> [Raw data]:
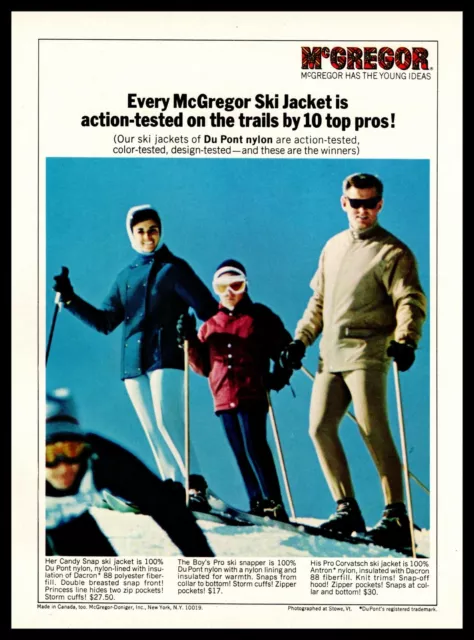 1966 McGregor DuPont Nylon Candy Snap & Pro Corvatsch Snow Ski Jackets Print Ad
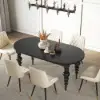 Mid-Century Modern 2007 mm - 2388 mm Extendable Black Oval Dining Table, Seats 6–10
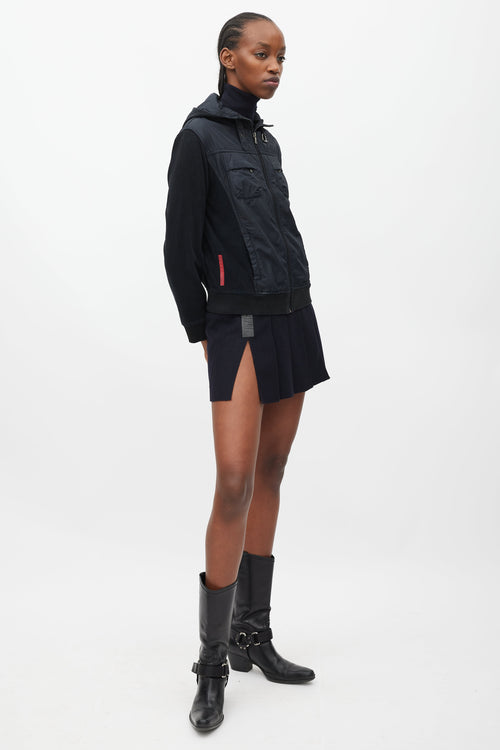 Prada Black Nylon & Knit Hooded Jacket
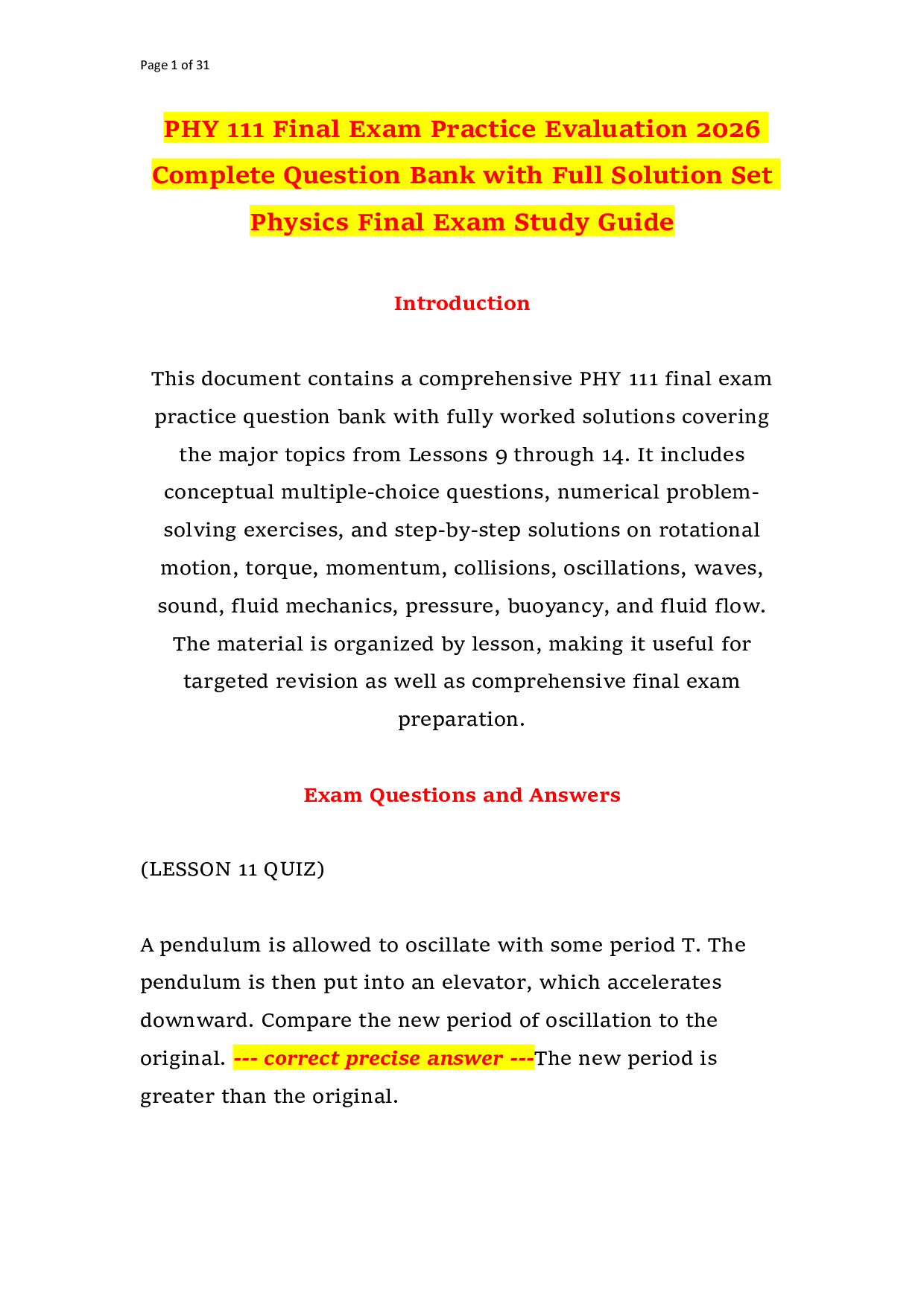 PHY 111 Final Exam Practice Evaluation 2026 Complete Question Bank with Full Solution Set Physics Final Exam Study Guide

> [How to complete this task]: Repeat the data in full and exactly. Omit pictures.

> [Task result]:
 1966 McGregor DuPont Nylon Candy Snap & Pro Corvatsch Snow Ski Jackets Print Ad
 Mid-Century Modern 2007 mm - 2388 mm Extendable Black Oval Dining Table, Seats 6–10
 Prada Black Nylon & Knit Hooded Jacket
 PHY 111 Final Exam Practice Evaluation 2026 Complete Question Bank with Full Solution Set Physics Final Exam Study Guide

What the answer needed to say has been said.